Life

Power 1: Power in Depth

Finding home in the space between the surface and the deep.

The Siren has been an archetype that I’ve been dancing with for a while. More recently, I’ve been trying to embody her not as a myth of seduction, but as a master of the depths.

She doesn’t fear the deep water because she knows that the depth is where her power is rooted.

But even the Siren has moments where the surface feels so very far away.

That’s the space I’ve been living in. The space between the leave-taking and the arrival. Between the depths and the surface.

I’ve held this space with gratitude, but also some impatience and fear and longing and a whole lot of grief.

Floating in this space of in-between, I’ve realized just how much I orient toward loss, even when standing in the center of possibility.

It is a survival reflex. When hope has historically been the precursor to disappointment, “protection” became my home frequency. I scan the horizon not for the sunrise, but for the storm, using the past hurts like a lens that tints everything it touches.

It is confirmation bias trying to look like safety.

We are taught that growth is about alchemy, about turning our leaden pain into golden hope, or forcing grief into “something that happened for a reason.”

We are told to “heal” so that the bruises fade, to “let go” so our hands are empty enough to grab something new.

But what if I stopped trying to “fix” this feeling?

Maybe I don’t need to alchemize hope and pain just yet.
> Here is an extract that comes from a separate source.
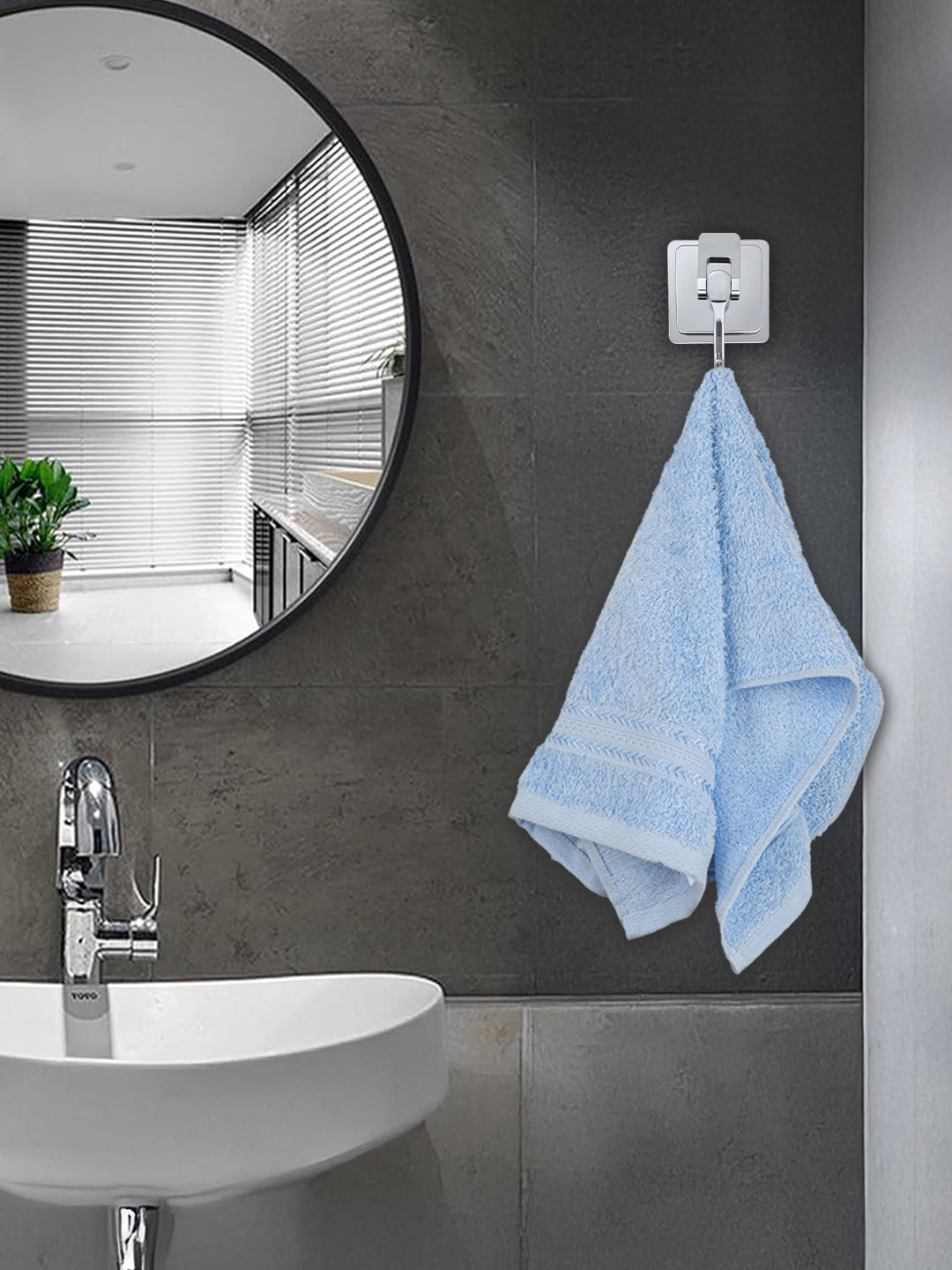 Highly Absorbent & Quick Dry Cotton Bamboo Terry Towel Set – Light Blue Hand, Face & Bath Towels (Pack of 3)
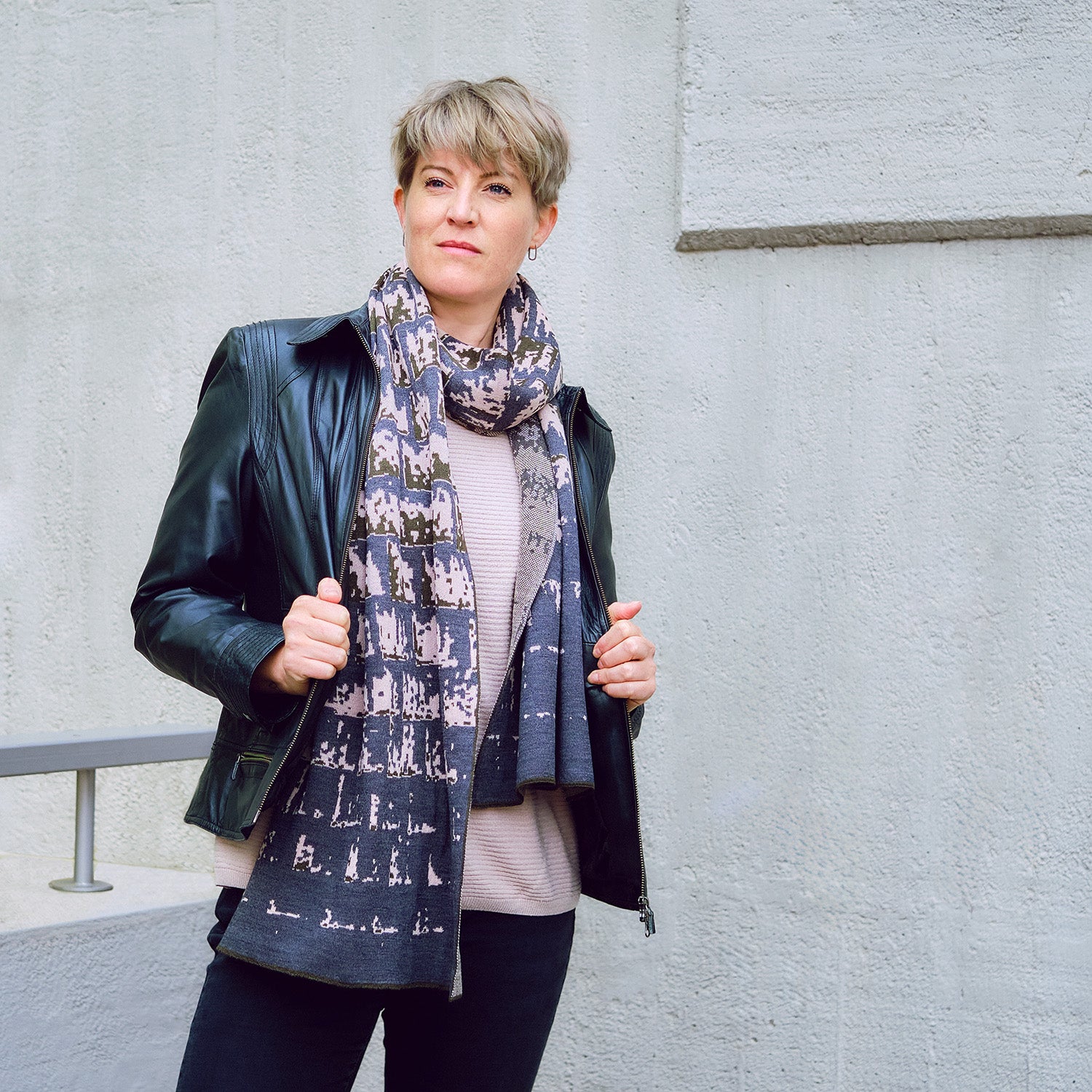 SCHINDEL Rechteckschal, grau–rosa-olive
I don’t need to force a marriage between my desire to expand and my instinct to protect.

Like the Siren, who knows both the crushing pressure of the deep and the pull of the shallows, I can learn to hold them both, allowing them to coexist without forcing resolution. I am learning not to flee either.

I can give grief a place at the table. Letting it speak without becoming a prophecy. There is space for intuition’s voice here, too, felt without demanding a conclusion. I can allow the bruise to exist without fearing it’s permanent.

I so often rush to make meaning or decide the ending of a chapter before I’ve even finished the page. I want to know: Is this a tragedy or a triumph?

But the Siren knows that the ocean is both at once, and it doesn’t need to apologize for it.

Right now, I am practicing the art of just sitting in the space of receiving the data. Holding curiosity. Staying present long enough to know what is actually here, not what my fear predicts, and not what my trauma remembers was here.

Just this. Just now.

Staying in the water I’m in, without guessing, or deciding, or forcing where it must carry me.